Interplay Video

From MultimediaWiki
Jump to navigation Jump to search

Interplay Video is encapsulated inside Interplay MVE files. It comes in both 8- and 16-bit flavors, tracking the evolution of PC graphics capabilities in the mid-late 1990s. The page only describes the 8-bit variation right now.

Credits

The technical description on this page is originally based on an anonymous and thorough description of the format published when Interplay was proactive about pursuing individuals who tried to understand their data format. "BG" refers to the PC game Baldur's Gate, the apparent focus of the author's analysis.

Decoding Flow

First, the data is processed in 8x8 pixel blocks. There are 4 bits associated with each block giving the particular encoding to use for that block, giving a total of 16 possible encodings for a given block. These 4-bit pieces come from decoding map defined by the most recent 0xf opcode in the Interplay MVE data stream. All 16 possible opcodes appear to be used (or at least supported by the player). Note that every 8x8 block in the frame should be represented by a 4-bit nibble in the decoding map and that the decoding map should be a predictable size:

 ((width * height)pixels/frame / (8 * 8)pixels/block) * (1/2)bytes/block = bytes/frame

When decoding the block map, the bottom 4 bits (bits 3-0) are used first, then the top 4 bits.

I'll go over the encodings for each of the 16 encoding types. The rendering process keeps track of the most recent frame in a separate buffer, and uses this double-buffering technique in the common way for animation. The current frame's data is used in the construction of the next frame. In the following description, "current frame" will refer to the most recently displayed frame, and "new frame" will refer to the frame currently being constructed for display. "map stream" will refer to the data grabbed from the 0xf Opcode data, and "data stream" will refer to the data grabbed from the 0x11 opcode data.

Encoding 0x0

Block is copied from corresponding block from current frame. (i.e. this block is unchanged).

Encoding 0x1

Block is unmodified. This appears to mean that it has the same value it had 2 frames ago, but the net effect is that nothing is done to this block of 8x8 pixels.

Encoding 0x2

Block is copied from nearby (below and to the right) within the new frame. The offset within the buffer from which to grab the patch of 8 pixels is given by grabbing a byte B from the data stream, which is broken into a positive x and y offset according to the following mapping:

               if B < 56:
                   x = 8 + (B % 7)
                   y = B / 7
               else
                   x = -14 + ((B - 56) % 29)
                   y =   8 + ((B - 56) / 29)
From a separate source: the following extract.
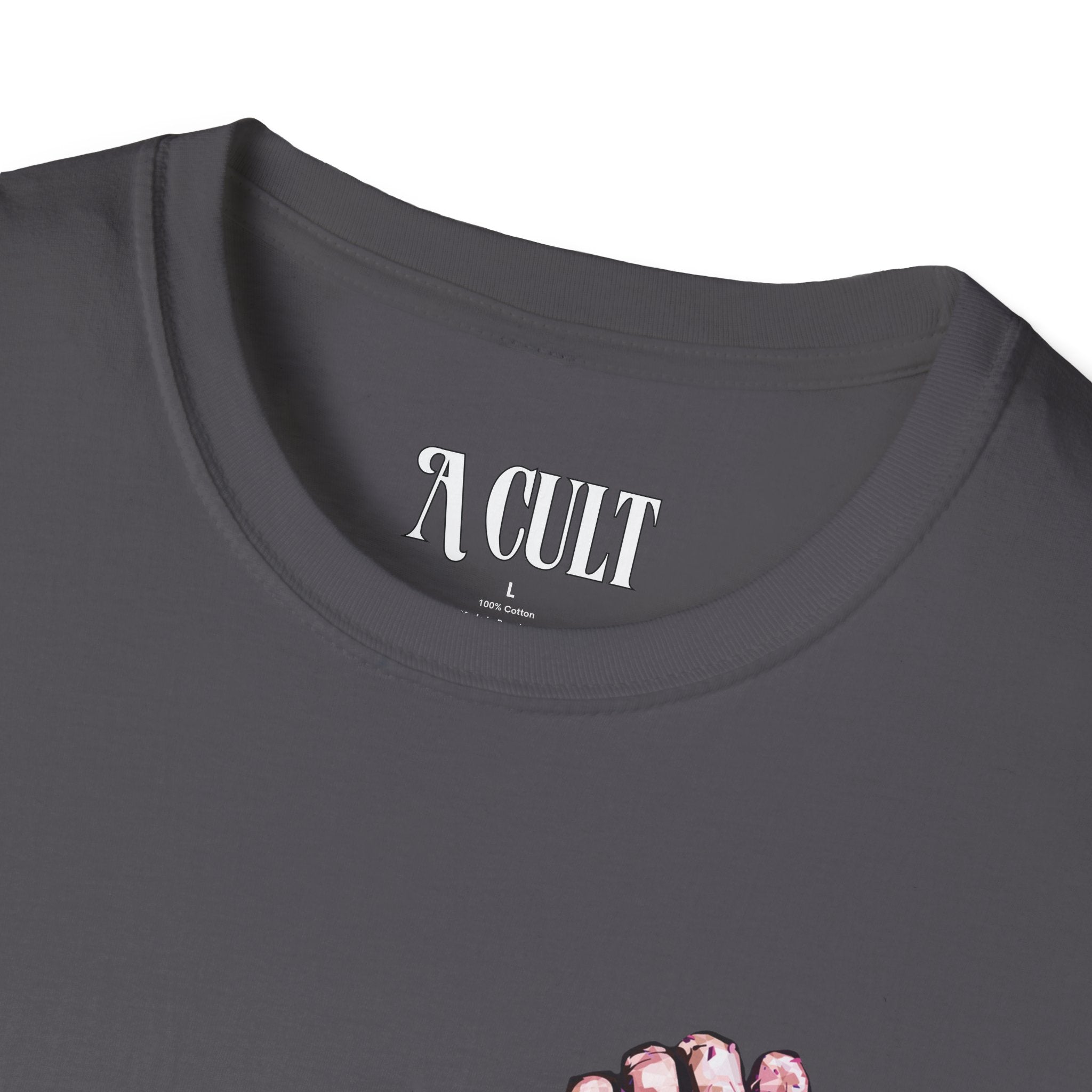 Fight Club - Tyler - Unisex Soft-Style T-Shirt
(where % is the 'modulo' operator)

If you draw the region this represents, you'll see it looks like:

                      oooooooo#######
                      oooooooo#######
                      oooooooo#######
                      oooooooo#######
                      oooooooo#######
                      oooooooo#######
                      oooooooo#######
                      oooooooo#######
        #############################
        #############################
        #############################
        #############################
        #############################
        #############################
        ##########################

Where 'o' are the pixels in the destination frame, and # are the locations where the source frame could start.

Encoding 0x3

This is the same as encoding 0x2, with the exception that the x and y offsets are negated giving:

               if B < 56:
                   x = -(8 + (B % 7))
                   y = -(B / 7)
               else
                   x = -(-14 + ((B - 56) % 29))
                   y = -(  8 + ((B - 56) / 29))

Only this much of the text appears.